Colorado National Guard
Story by 2nd Lt. Skye Robinson

Date: 08.31.2012
Posted: 09.04.2012 17:52
News ID: 94206
Guard engineers helping prevent flooding in western Colorado

GRAND JUNCTION, Colo. - Soldiers of the 947th Engineer Company (Horizontal), Colorado Army National Guard, will be busy through mid-September helping their fellow Coloradoans prevent a disastrous flood on the Western Slope.

Members of the 1st and 3rd Platoon are helping local authorities construct a stormwater detention facility located on the main stem of Leach Creek, just west of the Regional Airport in Grand Junction, Colo.

The 27-foot-high earthen embankment will prevent flooding in local neighborhoods by capturing up to 250-acre-feet of water during storms and slowly releasing it back into the environment.

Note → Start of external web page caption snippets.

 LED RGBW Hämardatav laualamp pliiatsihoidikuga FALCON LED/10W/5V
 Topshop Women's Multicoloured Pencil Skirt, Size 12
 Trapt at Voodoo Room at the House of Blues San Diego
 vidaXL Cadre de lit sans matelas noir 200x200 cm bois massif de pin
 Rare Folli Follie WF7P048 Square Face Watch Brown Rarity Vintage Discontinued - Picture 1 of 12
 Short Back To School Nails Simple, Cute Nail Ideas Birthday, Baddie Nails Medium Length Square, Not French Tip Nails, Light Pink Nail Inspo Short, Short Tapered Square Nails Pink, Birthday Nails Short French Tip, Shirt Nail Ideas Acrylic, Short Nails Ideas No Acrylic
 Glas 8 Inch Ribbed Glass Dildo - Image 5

The facility will also include an outlet and spillway for controlled flow.

"The Colorado National Guard is truly a community-based organization," said Adjutant General of Colorado Maj. Gen. H. Michael Edwards. "This unit has proven its capabilities in combat, but it's really the lifesaving and preventative projects in our communities that keep soldiers in the National Guard for a career."

This civil-military project is part of the National Guard’s Innovative Readiness Training program. Civil-military IRT projects enhance unit training and readiness, while filling a community need that is not otherwise being met. The unit must maintain its readiness by performing realistic training, and IRT projects provide a meaningful outlet for that training and help connect National Guard units with the communities they serve.

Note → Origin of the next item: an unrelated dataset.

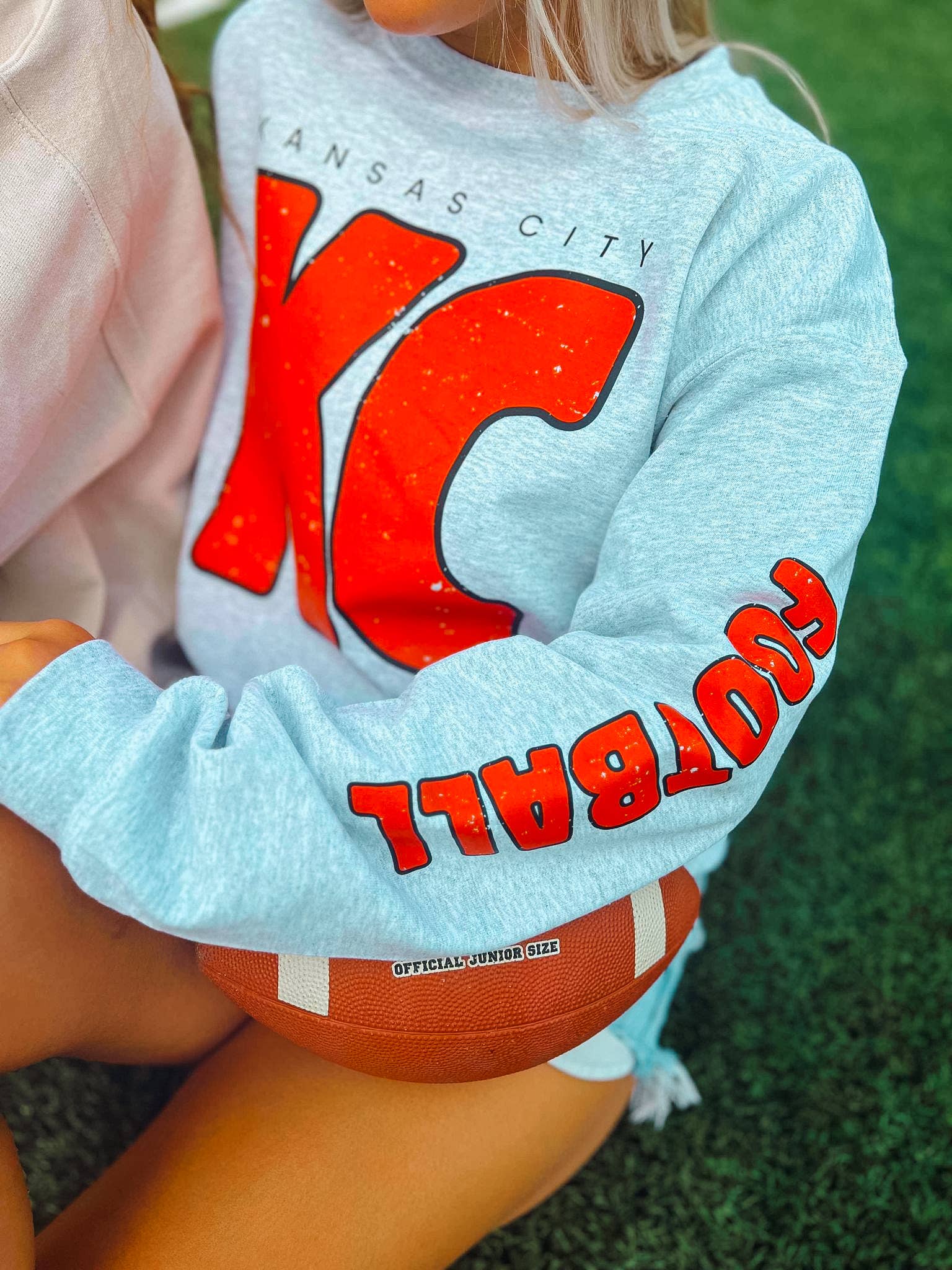 Country Charm Wholesale - Wholesale Graphic Sweatshirt - Unisex - Kansas City KC + Football sleeve5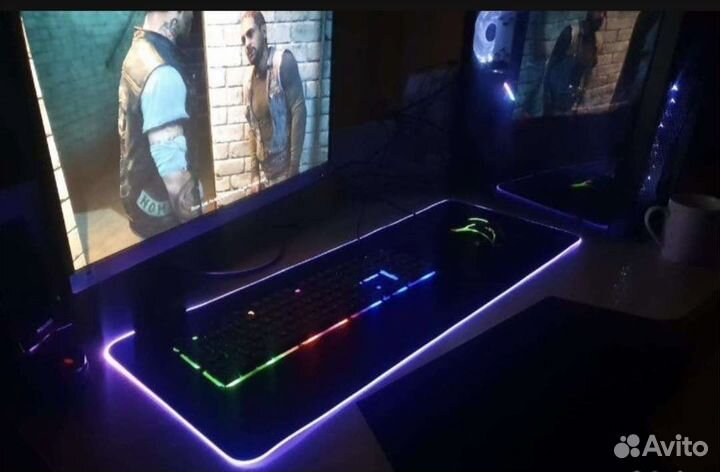 Коврик для мыши с подсветкой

"This particular mission is allowing us to touch on more than 50 percent of our mission-essential tasks and also make a big impact in Grand Junction," said 1st Lt. Eric Carlton, 947th commander. "Many of our soldiers also reside on the Western Slope, so this is also personal to us."

The Leach Creek stormwater detention facility is on Bureau of Land Management property. The Colorado Army National Guard is working in partnership with the City of Grand Junction, the 5-2-1 Drainage Authority and BLM.

Colorado Guardsman will return to Grand Junction in May 2013 to help complete the project.

Past Colorado Army National Guard IRT projects include tamarisk removal in Grand Junction, Colo., building a retention pond in Deer Trail, Colo., work on a dam and reservoir No. 1 in Fruita, Colo., and a boulder removal and hauling mission north of Durango, Colo.

In 2012 alone, engineers worked to finish the Archuleta County Fairground in Pagosa Springs, Colo., and installed culverts and improved roads in Cokedale, Colo.